Why is everyone going to Turkey all of a sudden?
According to figures released by the Turkish Ministry of Culture and Tourism, January through March 2018 saw a 50 percent increase in visitors — and they didn’t just have hankering for baklava and kebap. We’ve got three words for you: Year. Of. Troy.
This year marks the 20th anniversary of Troy’s listing on the UNESCO World Cultural Heritage List. The archeological site, made famous by its conquering at the hands of the Greeks and King Agamemnon, has 4,000 years of history in its soil and currently stands as one of the most famous sites in the world. “In scientific terms, its extensive remains are the most significant demonstration of the first contact between the civilizations of Anatolia and the Mediterranean world. Moreover, the siege of Troy by Spartan and Achaean warriors from Greece in the 13th or 12th century B.C., immortalized by Homer in the Iliad, has inspired great creative artists throughout the world ever since,” according to UNESCO.
To celebrate the Year of Troy 2018, Turkey has packed a calendar of cultural and sporting events held throughout the year, including the International Trojan Food Festival-Çanakkale in June and Trojan Horse Short Film Festival in October. For a full list of 2018 happenings, go here.
We suggest jumping on the wooden horse and following the crowd to Turkey this year. Here are the best places to stay, eat, and (duh) drink.

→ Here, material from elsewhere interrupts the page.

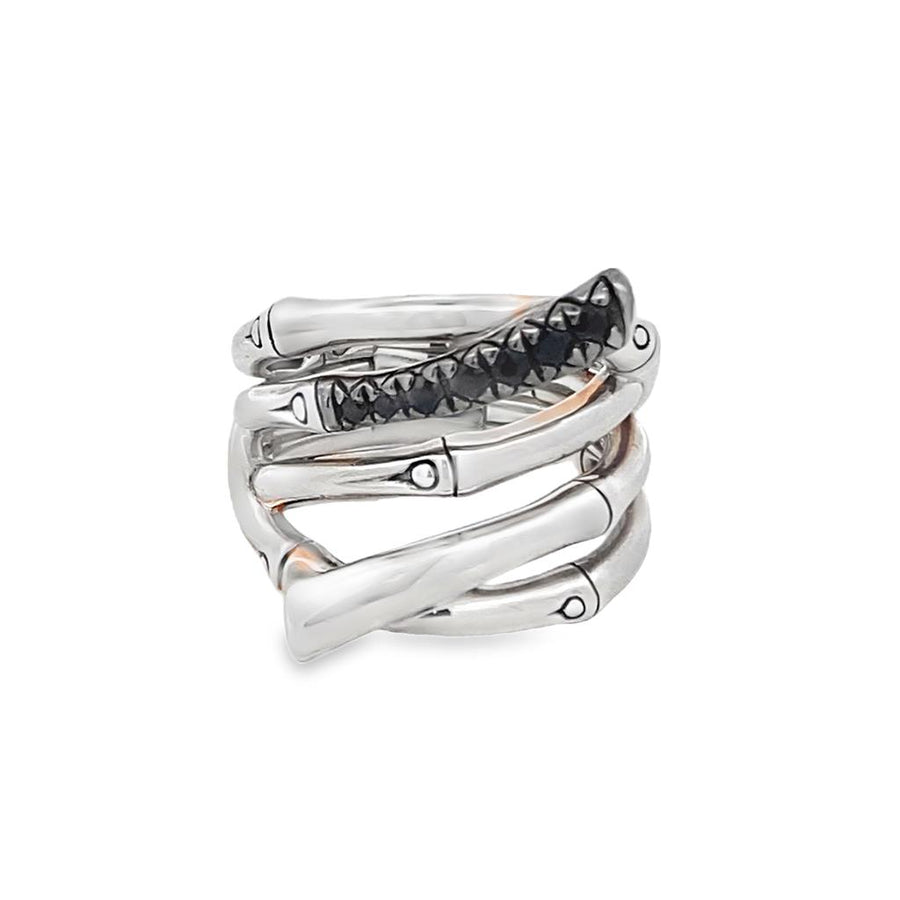 Sterling Silver John Hardy Bamboo Bypass Ring With Black Sapphires Est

Editor’s note: Keep in mind that elections in Turkey are slated for the end of June. While the country is safe, the U.S. government has issued an advisory to travelers in certain areas, particularly along the Turkey-Syria border.
Derived from the Sanskrit word ‘peace’ and the Turkish word for “dream,” Amanruya, a luxurious hotel set on the Southeastern Aegean coast (the area is dotted with ancient sites from Greek and Roman history) will have you feeling like an ancient god. Rent a private stone pavilion with a private pool and sea views. Inside, white Turkish marble floors, dark acajau wooden furniture, and traditional mangal charcoal fireplaces set the mood. This may be the most Instagram-able spot hidden to man.

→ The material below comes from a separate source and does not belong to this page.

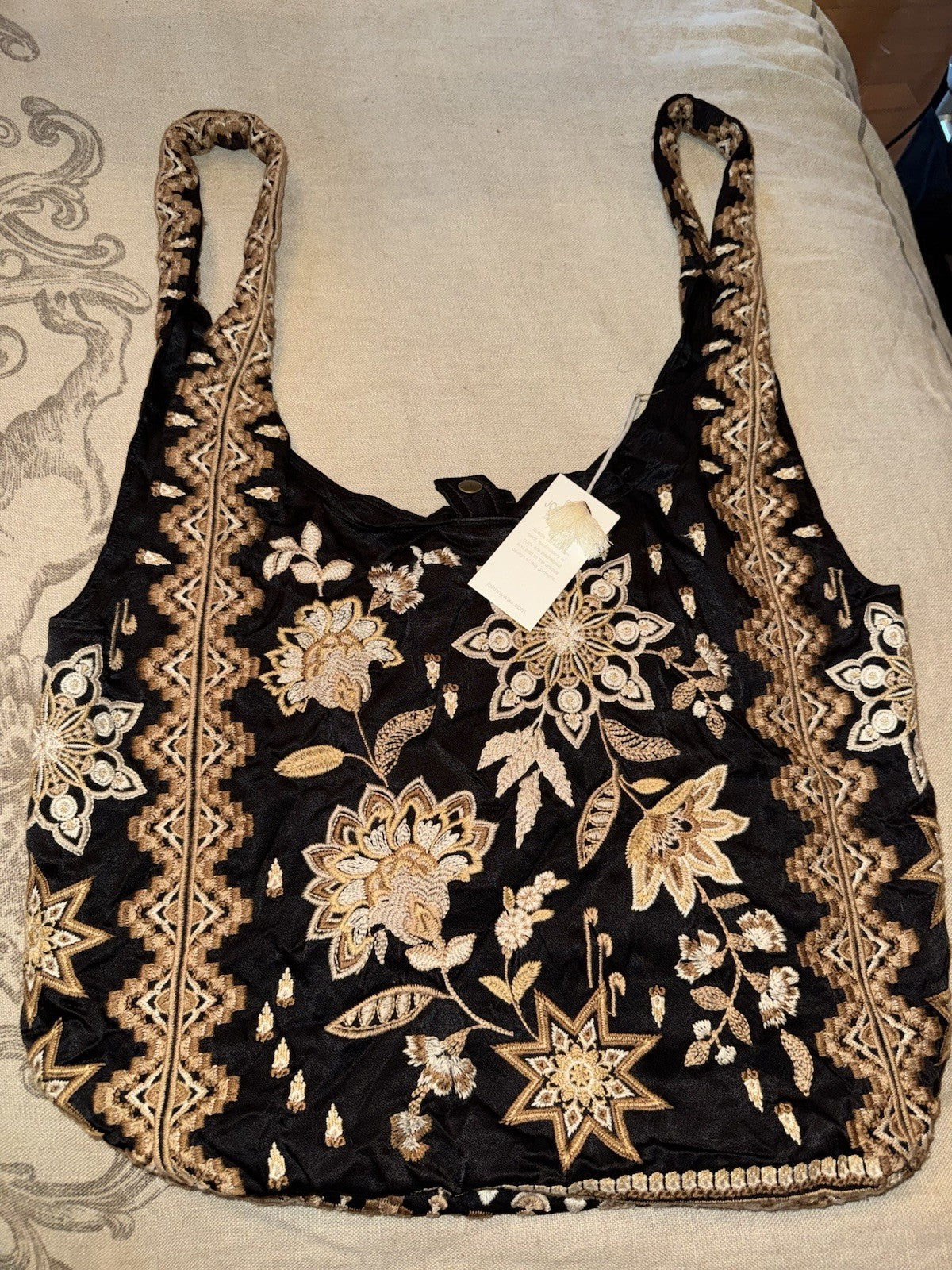 Johnny Was Large Black & Gold Satin Hobo Bag Slouch Tote Purse Embroidered Johnny Was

In the heart of Turkey, Sacred House is a regal 21-room hotel fit for Ottoman royalty. Built in Cappadocia, that most haunting and surreal landscape that used to be a crossroad for ancient trading routes, Sacred House is a Greek aristocratic mansion complete with a grandiose Hammam and underground “inferno spa” surrounded by stone columns, leather lounging chairs, and a crackling fireplace.
Kucukoglu Barbecue Restaurant
Kucukoglu Barbecue Restaurant in Istanbul boasts authentic Turkish food with authentic Turkish hospitality. From the outside, it seems quite ordinary, but don’t be put off by the look of this place. Let the host, Yacoub, take care of your food, sit back, and get ready to eat the most tender eggplant and lamb of your life.

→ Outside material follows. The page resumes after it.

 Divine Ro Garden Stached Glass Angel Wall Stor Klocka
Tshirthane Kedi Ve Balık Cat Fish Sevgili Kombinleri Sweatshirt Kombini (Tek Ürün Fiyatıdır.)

Perched in modernity atop a 19th-century penthouse with insane 360-degree views (get the name?), the multi-award-winning 360Istanbul is a must for dinner. Inventive twists are made to traditional Turkish mezze, like Turkish pepperoni risotto, shellfish ramen with coconut milk, beef samosas with masala spices, and lamb liver. Stay late, as 360Istanbul turns into a club on the weekends, with live music, performers, and DJs.
SoHo House Istanbul
Hello, whiskey! SoHo House Istanbul offers a menu of blended whiskey, American whiskey, single malt, and Irish, along with curated cocktails that ace the term “inventive,” like the Old Sail made with Zacapa, vanilla liquor, Chambord, and elderflower liquor. Turquoise-upholstered booster seats set around a marble and gold bar ground a room adorned with golden embellishment and rich textures.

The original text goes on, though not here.